Given the records underneath, please repeat exactly the lines from the line with "Down The Road Bracelet - Pink" through the line with "Harga Gorden Rumah Sakit Penyekat Ruangan", passing over any picture.

> [DATA FOR PROCESSING]:
Segment Open
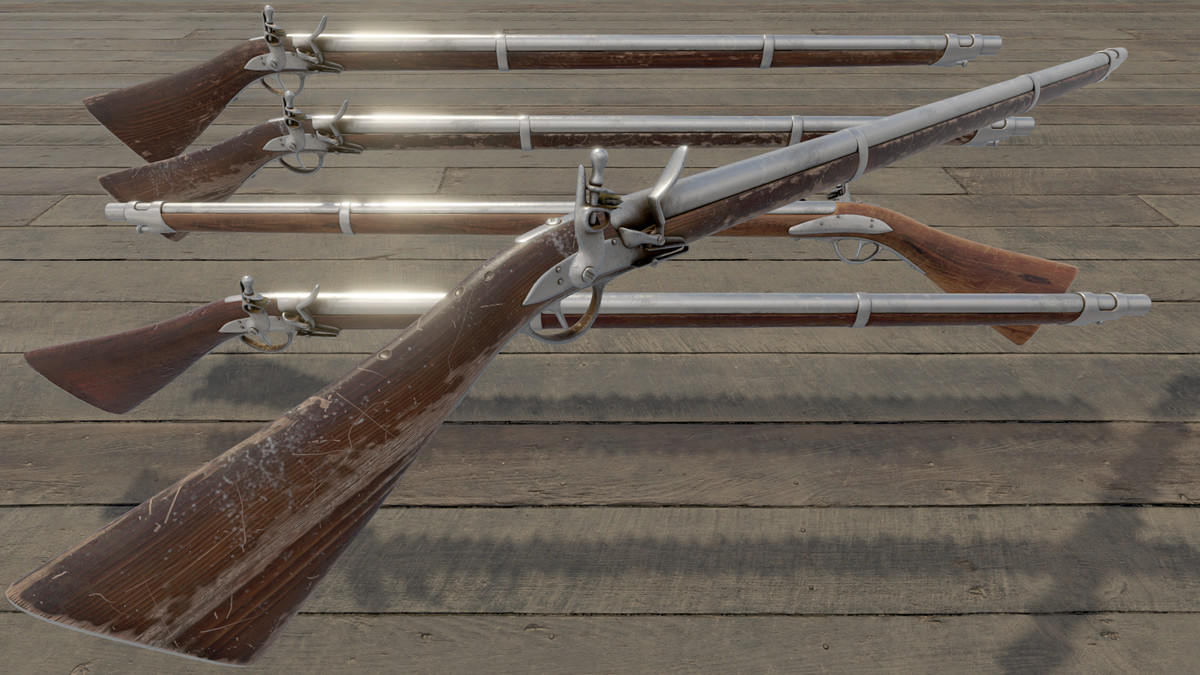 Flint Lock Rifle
Segment Closed
Segment Open
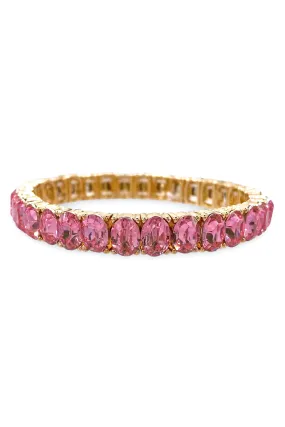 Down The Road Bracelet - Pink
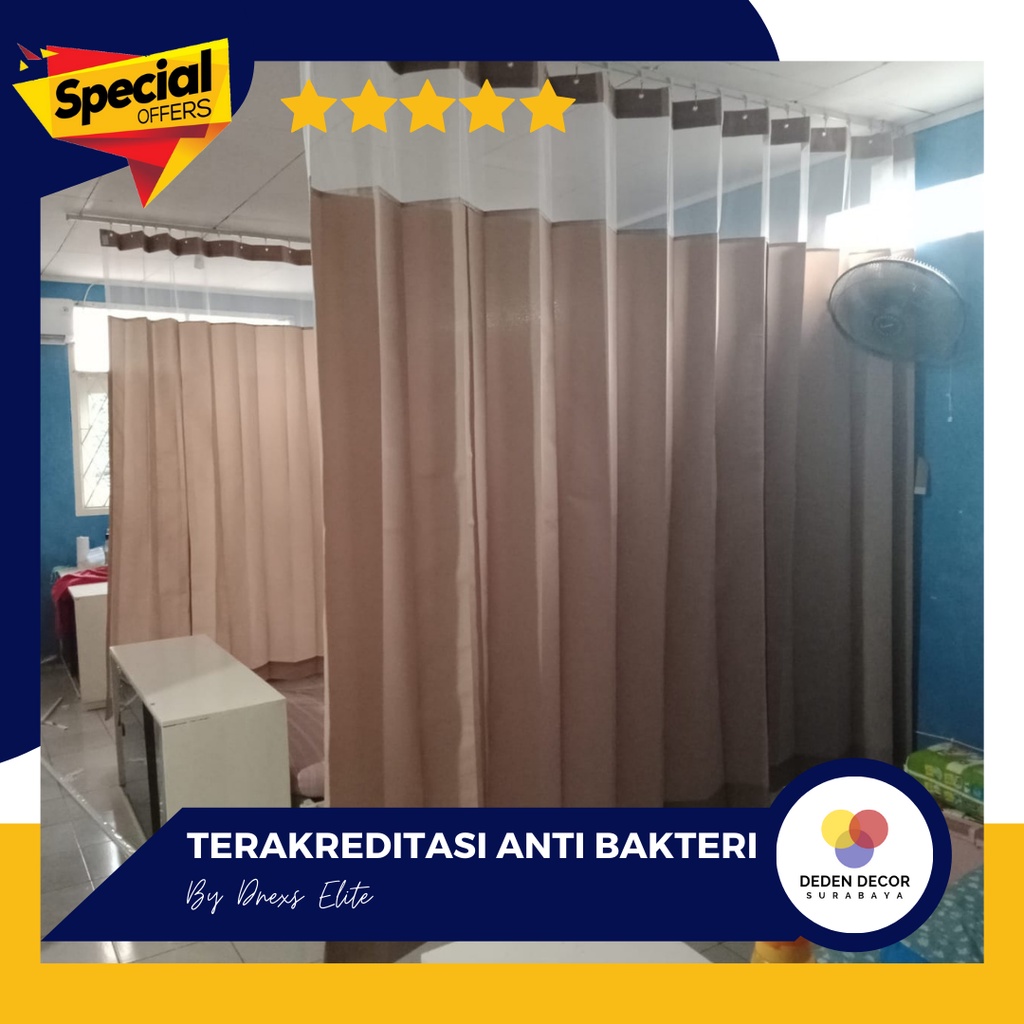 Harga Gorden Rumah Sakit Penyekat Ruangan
Segment Closed
> [ANSWER TO THIS PROBLEM]:
 Down The Road Bracelet - Pink
 Harga Gorden Rumah Sakit Penyekat Ruangan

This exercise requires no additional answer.